Não havia prova contra Dreyfus. O “bordereau” – um bilhete para o adido militar alemão, conde Maximilian von Schwartzkoppe, encontrado no lixo da embaixada alemã pela senhora Bastian, faxineira que era agente da inteligência francesa – era uma prova de sua inocência, uma prova a favor dele.
Em março de 1896, um ano e cinco meses após a prisão de Dreyfus, o tenente-coronel Picquart, novo chefe do Deuxième Bureau (o serviço de informações do exército), identificou um oficial de nome Esterhazy como o verdadeiro autor do bilhete.
No entanto, isso garantiu apenas o desterro de Picquart, subitamente nomeado para um comando na Argélia.
Nem depois que o escândalo estourou publicamente, os acusadores de Dreyfus voltaram atrás.
E não porque acreditassem que ele era culpado. Quando se descobriu que um oficial, o tenente-coronel Hubert-Joseph Henry, falsificara o dossiê que servira de base para a condenação de Dreyfus (e, depois de preso, o falsário se suicidara), apareceu, na Gazette de France, um artigo de Charles Maurras que ficaria célebre pela canalhice: “Sua malfadada falsificação será aclamada como um de seus mais nobres feitos de guerra!”, escrevia Maurras (cf. George D. Painter, “Marcel Proust: A Biography”, Vol. One, Penguin Books, 1965, p. 219).

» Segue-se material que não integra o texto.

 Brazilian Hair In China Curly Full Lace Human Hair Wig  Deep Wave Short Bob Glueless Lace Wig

Maurras terminaria a vida condenado, em 1945, à prisão perpétua, por trair a França, ao colaborar com os nazistas durante a ocupação, na II Guerra Mundial. As provas de sua traição eram públicas – mas ele não encontrou nada melhor para dizer do que “é a vingança dos dreyfusard”…

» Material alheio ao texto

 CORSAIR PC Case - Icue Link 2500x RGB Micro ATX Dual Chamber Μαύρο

Na verdade, era o contrário: o governo fantoche de Petain, servil aos nazistas até o fim, e que teve em Maurras um dos seus mais nojentos ideólogos, é que fora uma revanche dos “antidreyfusard”.
FAÇANHA
Está claro porque, em 1898, na sua “Carta à França”, Émile Zola colocou o problema moral em primeiro plano. Ainda que sem entender completamente o que estava ocorrendo – algo que ele jamais tinha visto – Zola percebeu completamente a relação desse problema moral com a questão da liberdade, ou seja, ele relacionou a derrocada moral dos cães de fila “antidreyfusard” com aquilo que, alguns anos depois, seria conhecido por fascismo:
“De todos os lados, se ouve dizer que a ideia de liberdade foi à falência. E, quando o caso Dreyfus irrompeu, esse ódio crescente da liberdade encontrou uma ocasião extraordinária, as paixões começaram a arder, mesmo entre os inconscientes. Não veem que, se atacam M. Scheurer-Kestner com tanta fúria, é porque ele pertence a uma geração que acreditou na liberdade, que queria a liberdade?” (Émile Zola, “Lettre à la France: l’affaire Dreyfus”, E. Fasquelle, Paris, 1898, p. 11).
Auguste Scheurer-Kestner era o vice-presidente do Senado francês, um industrial, que, depois de uma investigação parlamentar, declarara, em 1897, a inocência de Dreyfus – o que fez com que o ódio e a difamação dos “antidreyfusard” se voltassem contra ele.